_How to complete this task_
Give back, exactly and with nothing else, the lines running from the one that contains "Beautiful Model Shamili" to the end of the entries below; do not include pictures.
Material provided START
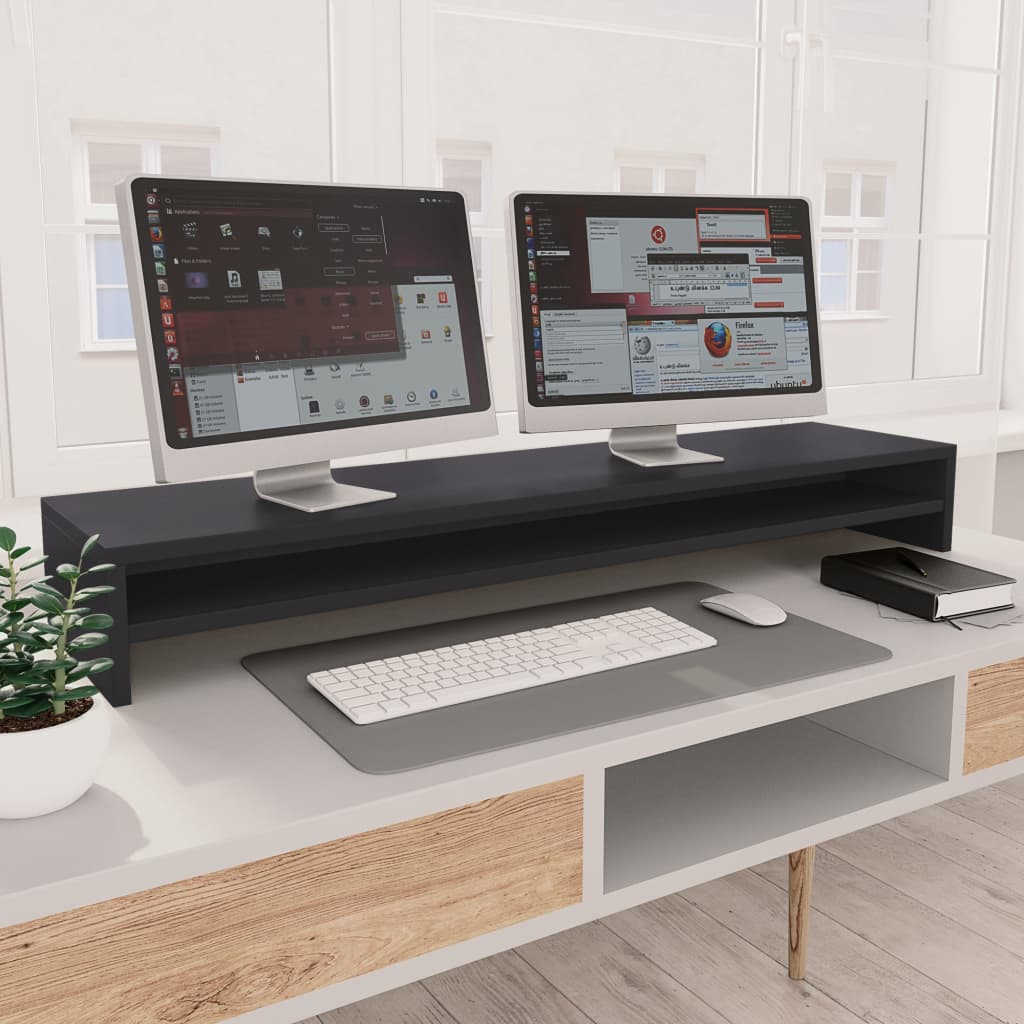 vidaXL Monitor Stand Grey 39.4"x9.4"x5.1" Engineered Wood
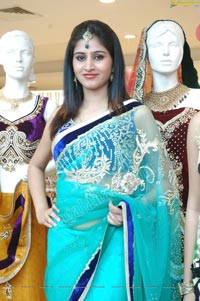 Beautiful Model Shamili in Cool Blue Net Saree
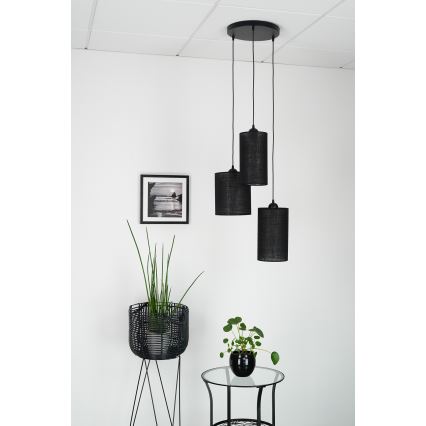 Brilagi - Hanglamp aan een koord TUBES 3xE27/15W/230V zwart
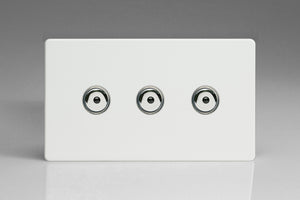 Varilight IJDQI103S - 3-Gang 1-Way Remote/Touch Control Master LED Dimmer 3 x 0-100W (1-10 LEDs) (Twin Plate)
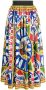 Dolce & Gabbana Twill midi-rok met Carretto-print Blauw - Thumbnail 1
Material provided END
_Output of the task_
 Beautiful Model Shamili in Cool Blue Net Saree
 Brilagi - Hanglamp aan een koord TUBES 3xE27/15W/230V zwart
 Varilight IJDQI103S - 3-Gang 1-Way Remote/Touch Control Master LED Dimmer 3 x 0-100W (1-10 LEDs) (Twin Plate)
 Dolce & Gabbana Twill midi-rok met Carretto-print Blauw - Thumbnail 1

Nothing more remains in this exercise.